We presented results from participants who were traced and re-examined with dilatation. Excluding available data can bias results; however, similar results were obtained with analysis using all available data, including participants examined without dilatation. There were no differences in either baseline LOCSIII scores for any cataract type or baseline CDRs between those who were re-examined and those not re-examined, suggesting that those who were re-examined are likely to be representative of the whole cohort. This would reduce the likelihood of an effect from selection bias due to the loss in follow-up on the results.

Narrower baseline angle width was identified as confounding the association between LPI and progression of NO. This has a biological basis with a theoretical risk that alteration in aqueous outflow dynamics could influence exposure of the lens to aqueous flow,8 which in turn may hasten the development of opacities. In the multivariate model with age, sex, and LPI, neither narrower angles nor LPI were independent risk factors for NO progression. This suggests that the effects of narrow angles at baseline and LPI on cataract progression are interdependent, wherein the initial relationship between LPI and NO progression may be mediated through narrower baseline Shaffer grading. It is also possible that progression of NO may be associated with both narrower angles and subsequent LPI.

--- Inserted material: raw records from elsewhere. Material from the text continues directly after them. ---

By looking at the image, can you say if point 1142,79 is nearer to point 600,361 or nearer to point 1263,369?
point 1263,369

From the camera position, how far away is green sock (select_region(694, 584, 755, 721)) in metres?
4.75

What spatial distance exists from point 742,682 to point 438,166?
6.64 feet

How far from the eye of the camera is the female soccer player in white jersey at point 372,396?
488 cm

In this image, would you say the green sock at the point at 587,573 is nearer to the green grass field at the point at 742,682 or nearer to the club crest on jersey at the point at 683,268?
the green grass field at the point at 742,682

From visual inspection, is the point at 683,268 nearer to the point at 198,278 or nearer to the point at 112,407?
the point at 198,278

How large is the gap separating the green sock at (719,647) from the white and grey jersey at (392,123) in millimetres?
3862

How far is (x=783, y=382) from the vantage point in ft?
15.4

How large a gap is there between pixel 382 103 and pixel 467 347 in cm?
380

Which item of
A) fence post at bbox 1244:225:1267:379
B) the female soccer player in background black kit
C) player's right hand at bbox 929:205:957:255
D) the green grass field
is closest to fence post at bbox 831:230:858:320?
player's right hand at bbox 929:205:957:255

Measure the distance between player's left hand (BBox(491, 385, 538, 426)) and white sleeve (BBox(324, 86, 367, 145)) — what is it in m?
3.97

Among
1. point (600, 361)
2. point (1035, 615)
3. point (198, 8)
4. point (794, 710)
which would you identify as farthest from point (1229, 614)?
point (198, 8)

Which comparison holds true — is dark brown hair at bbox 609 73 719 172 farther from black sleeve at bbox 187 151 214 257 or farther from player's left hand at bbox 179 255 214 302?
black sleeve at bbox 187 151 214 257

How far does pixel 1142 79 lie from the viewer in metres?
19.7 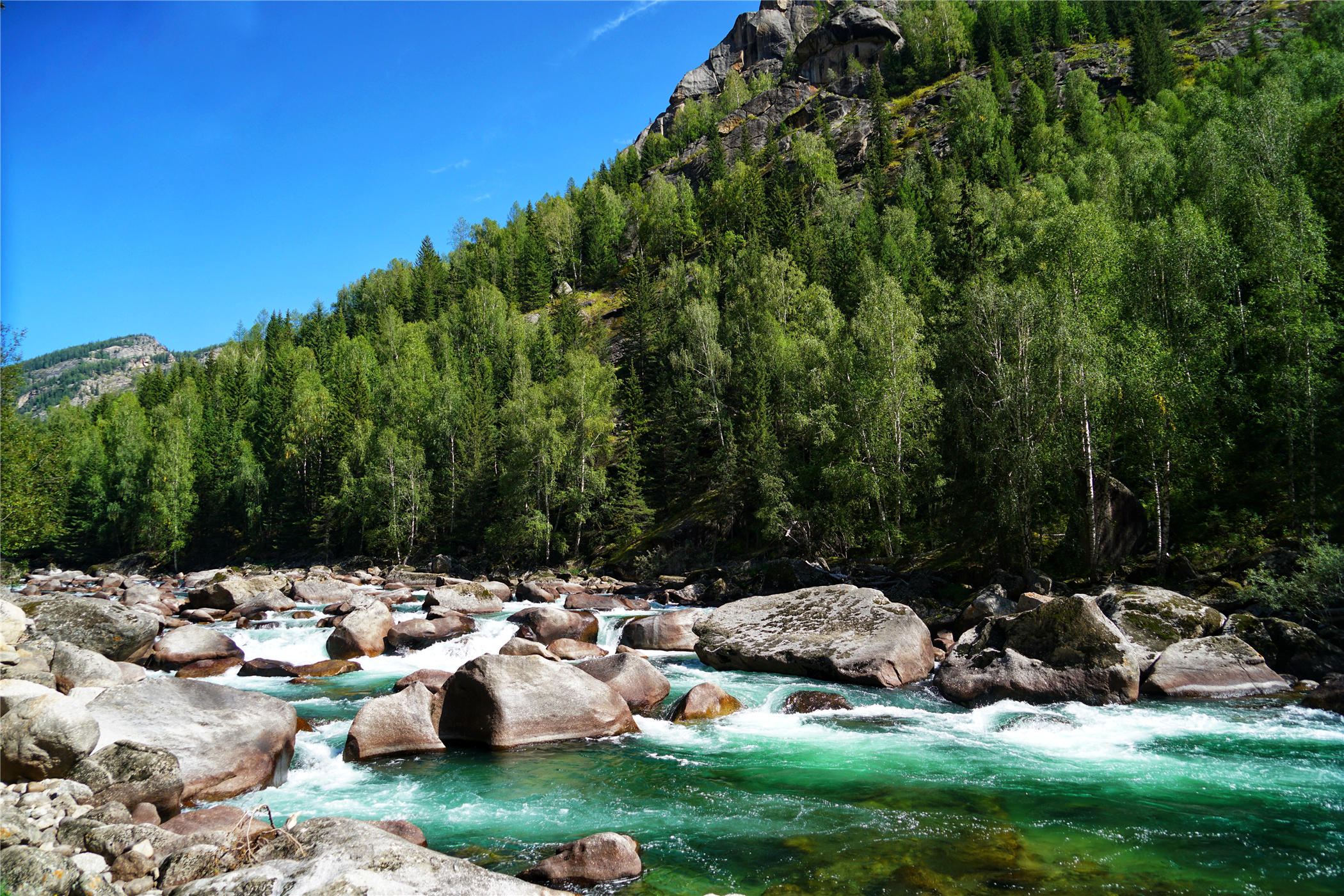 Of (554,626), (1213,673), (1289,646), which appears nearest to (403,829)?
(554,626)

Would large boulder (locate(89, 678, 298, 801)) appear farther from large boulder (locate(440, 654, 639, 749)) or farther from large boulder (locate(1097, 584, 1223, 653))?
large boulder (locate(1097, 584, 1223, 653))

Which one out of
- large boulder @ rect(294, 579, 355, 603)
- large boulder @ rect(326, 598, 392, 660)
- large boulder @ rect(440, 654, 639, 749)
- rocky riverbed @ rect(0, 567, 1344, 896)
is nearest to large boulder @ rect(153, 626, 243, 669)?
rocky riverbed @ rect(0, 567, 1344, 896)

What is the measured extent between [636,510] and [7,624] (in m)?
37.3

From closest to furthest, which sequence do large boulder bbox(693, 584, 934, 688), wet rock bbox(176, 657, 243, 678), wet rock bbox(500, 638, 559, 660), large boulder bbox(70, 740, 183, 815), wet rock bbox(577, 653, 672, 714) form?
large boulder bbox(70, 740, 183, 815) → wet rock bbox(577, 653, 672, 714) → large boulder bbox(693, 584, 934, 688) → wet rock bbox(176, 657, 243, 678) → wet rock bbox(500, 638, 559, 660)

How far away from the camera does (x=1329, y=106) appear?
37906 mm

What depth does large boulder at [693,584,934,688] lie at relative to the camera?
1767cm

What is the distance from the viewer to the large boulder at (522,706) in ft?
42.6

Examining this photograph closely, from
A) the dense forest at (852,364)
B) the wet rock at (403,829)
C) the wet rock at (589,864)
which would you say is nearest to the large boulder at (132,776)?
the wet rock at (403,829)

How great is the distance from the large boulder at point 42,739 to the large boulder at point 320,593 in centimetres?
2530

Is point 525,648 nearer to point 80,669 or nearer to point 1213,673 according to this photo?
point 80,669

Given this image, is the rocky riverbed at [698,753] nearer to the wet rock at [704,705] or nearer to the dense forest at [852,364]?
the wet rock at [704,705]

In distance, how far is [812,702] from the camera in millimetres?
15555

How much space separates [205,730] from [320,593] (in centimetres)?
2597

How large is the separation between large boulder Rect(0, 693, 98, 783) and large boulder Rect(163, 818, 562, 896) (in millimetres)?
3642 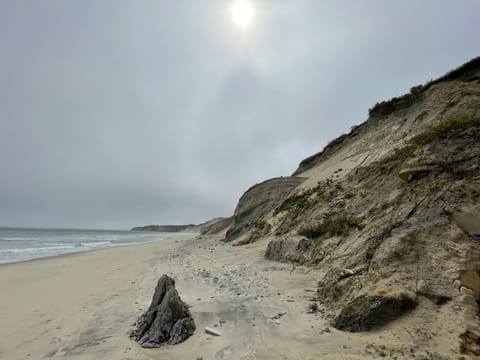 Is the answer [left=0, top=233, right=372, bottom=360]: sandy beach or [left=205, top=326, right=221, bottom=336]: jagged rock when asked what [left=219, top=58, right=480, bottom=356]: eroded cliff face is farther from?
[left=205, top=326, right=221, bottom=336]: jagged rock

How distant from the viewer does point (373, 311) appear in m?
4.41

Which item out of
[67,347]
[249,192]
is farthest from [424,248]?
[249,192]

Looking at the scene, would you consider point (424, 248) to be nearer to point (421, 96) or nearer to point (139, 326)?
point (139, 326)

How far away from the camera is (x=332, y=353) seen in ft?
12.8

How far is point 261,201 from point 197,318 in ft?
57.5

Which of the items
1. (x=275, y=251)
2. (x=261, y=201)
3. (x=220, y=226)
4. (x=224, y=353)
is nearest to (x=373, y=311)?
(x=224, y=353)

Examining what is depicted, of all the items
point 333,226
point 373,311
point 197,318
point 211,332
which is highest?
point 333,226

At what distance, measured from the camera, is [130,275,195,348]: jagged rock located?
4.82 meters

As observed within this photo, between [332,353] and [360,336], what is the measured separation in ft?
2.04

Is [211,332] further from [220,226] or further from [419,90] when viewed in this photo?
[220,226]

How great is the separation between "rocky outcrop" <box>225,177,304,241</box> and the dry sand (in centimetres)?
1104

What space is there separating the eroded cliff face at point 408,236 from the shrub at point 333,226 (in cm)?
4

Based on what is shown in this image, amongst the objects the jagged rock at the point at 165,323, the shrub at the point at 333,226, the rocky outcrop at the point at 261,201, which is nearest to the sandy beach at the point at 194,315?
the jagged rock at the point at 165,323

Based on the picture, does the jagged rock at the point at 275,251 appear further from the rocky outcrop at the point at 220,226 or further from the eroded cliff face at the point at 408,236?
the rocky outcrop at the point at 220,226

Prophylactic LPI is commonly used in standard clinical practice to protect fellow eyes from acute angle closure and clinical guidelines also recommend that LPI be considered for potentially occludable angles.22, 23, 24 This study has shown that LPI is not independently associated with cataract progression and supports the findings in Bobrow's10 clinical study from the United States. However, further studies from East Asian populations are necessary to corroborate these findings. In addition, the question of whether narrow angles themselves are associated with cataract progression is an important question to address, as this will repeatedly confound the association between prophylactic LPI and cataract progression. An alternative treatment for occludable angles is cataract surgery, which also widens narrow angles.25 This could potentially address both PACG and cataract blindness with one procedure and trials are currently ongoing.26 However, the potential complications from intraocular surgery are greater than for LPI, and using this approach to prevent PACG in some settings may not be feasible. There remains an important role of prophylactic LPI in the treatment of occludable angles.